Required work
From the line with "NWT Old Navy" to the final line of the records, every line is to be duplicated exactly, both of those lines included.

Source data
-.-.-

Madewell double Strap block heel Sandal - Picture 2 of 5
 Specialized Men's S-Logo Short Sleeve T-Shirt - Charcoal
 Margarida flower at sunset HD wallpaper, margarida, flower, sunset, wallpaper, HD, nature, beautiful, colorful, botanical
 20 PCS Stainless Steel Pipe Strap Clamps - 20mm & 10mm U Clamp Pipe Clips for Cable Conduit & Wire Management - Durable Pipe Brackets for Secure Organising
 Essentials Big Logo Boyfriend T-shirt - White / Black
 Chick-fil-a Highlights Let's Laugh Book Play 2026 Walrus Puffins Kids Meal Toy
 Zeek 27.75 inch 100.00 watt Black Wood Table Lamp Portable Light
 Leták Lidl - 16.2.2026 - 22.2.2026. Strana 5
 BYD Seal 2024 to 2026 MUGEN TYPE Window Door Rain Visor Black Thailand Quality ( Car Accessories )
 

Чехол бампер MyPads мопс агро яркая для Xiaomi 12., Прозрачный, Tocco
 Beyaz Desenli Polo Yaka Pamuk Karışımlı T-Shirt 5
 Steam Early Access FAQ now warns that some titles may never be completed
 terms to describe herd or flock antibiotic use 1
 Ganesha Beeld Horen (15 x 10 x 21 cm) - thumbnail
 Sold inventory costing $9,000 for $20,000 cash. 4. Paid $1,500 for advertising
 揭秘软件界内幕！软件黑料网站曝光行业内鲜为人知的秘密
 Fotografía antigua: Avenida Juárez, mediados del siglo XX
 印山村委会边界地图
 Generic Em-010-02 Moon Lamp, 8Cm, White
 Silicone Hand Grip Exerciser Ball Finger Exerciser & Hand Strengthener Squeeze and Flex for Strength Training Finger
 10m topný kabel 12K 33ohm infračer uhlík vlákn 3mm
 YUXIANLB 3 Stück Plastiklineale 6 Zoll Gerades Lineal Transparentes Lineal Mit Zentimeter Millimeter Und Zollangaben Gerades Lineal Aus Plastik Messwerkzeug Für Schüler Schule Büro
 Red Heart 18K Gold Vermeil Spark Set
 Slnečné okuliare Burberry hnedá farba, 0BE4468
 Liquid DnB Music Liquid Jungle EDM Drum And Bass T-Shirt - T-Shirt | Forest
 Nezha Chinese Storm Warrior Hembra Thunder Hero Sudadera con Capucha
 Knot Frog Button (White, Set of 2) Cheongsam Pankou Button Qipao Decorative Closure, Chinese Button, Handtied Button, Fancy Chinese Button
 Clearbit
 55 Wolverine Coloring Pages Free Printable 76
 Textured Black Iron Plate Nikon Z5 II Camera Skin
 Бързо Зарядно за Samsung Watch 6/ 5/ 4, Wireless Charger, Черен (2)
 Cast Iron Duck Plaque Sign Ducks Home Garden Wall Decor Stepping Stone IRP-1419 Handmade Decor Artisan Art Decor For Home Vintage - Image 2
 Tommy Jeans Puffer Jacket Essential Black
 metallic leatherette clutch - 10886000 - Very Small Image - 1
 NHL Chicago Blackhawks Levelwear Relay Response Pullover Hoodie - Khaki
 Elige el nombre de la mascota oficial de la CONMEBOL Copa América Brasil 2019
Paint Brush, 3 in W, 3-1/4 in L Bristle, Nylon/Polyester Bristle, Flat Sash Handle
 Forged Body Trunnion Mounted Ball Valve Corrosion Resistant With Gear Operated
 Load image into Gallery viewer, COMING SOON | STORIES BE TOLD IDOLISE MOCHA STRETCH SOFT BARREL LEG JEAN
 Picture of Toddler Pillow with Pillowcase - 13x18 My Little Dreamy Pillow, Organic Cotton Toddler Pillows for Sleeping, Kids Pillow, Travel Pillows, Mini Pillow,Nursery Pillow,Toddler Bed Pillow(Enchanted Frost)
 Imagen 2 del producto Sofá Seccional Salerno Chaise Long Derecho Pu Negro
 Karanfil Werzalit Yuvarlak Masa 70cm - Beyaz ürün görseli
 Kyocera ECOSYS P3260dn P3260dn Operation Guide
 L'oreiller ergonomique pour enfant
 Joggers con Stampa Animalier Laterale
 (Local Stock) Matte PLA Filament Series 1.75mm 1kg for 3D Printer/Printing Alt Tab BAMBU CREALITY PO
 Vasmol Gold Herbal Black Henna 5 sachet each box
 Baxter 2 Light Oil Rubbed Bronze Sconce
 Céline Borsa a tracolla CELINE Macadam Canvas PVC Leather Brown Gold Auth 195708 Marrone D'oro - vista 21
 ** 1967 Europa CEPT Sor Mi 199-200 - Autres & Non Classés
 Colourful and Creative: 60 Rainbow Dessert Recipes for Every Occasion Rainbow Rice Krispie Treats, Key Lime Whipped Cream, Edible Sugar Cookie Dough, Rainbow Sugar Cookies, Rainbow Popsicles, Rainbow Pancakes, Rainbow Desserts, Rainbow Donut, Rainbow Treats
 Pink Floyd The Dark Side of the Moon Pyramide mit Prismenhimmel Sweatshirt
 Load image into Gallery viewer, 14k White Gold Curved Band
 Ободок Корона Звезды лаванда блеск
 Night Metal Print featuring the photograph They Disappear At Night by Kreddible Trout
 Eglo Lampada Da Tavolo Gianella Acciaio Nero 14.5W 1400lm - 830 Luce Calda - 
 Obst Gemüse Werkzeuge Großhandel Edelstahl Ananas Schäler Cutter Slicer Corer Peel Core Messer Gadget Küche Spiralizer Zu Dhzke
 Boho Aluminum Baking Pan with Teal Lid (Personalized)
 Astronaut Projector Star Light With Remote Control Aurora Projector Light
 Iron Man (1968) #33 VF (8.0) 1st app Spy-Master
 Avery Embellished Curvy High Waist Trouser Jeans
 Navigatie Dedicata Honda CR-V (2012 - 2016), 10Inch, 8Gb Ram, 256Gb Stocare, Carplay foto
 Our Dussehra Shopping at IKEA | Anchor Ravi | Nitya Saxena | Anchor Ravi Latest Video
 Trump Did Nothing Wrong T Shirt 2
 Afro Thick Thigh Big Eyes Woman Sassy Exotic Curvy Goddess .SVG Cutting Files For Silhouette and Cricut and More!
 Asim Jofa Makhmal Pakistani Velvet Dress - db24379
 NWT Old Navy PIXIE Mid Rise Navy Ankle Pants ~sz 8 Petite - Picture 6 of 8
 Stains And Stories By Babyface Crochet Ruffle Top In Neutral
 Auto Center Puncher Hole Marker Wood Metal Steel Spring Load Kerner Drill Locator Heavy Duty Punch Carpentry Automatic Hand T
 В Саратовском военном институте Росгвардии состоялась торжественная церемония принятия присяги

-.-.-

Output of the exercise
 NWT Old Navy PIXIE Mid Rise Navy Ankle Pants ~sz 8 Petite - Picture 6 of 8
 Stains And Stories By Babyface Crochet Ruffle Top In Neutral
 Auto Center Puncher Hole Marker Wood Metal Steel Spring Load Kerner Drill Locator Heavy Duty Punch Carpentry Automatic Hand T
 В Саратовском военном институте Росгвардии состоялась торжественная церемония принятия присяги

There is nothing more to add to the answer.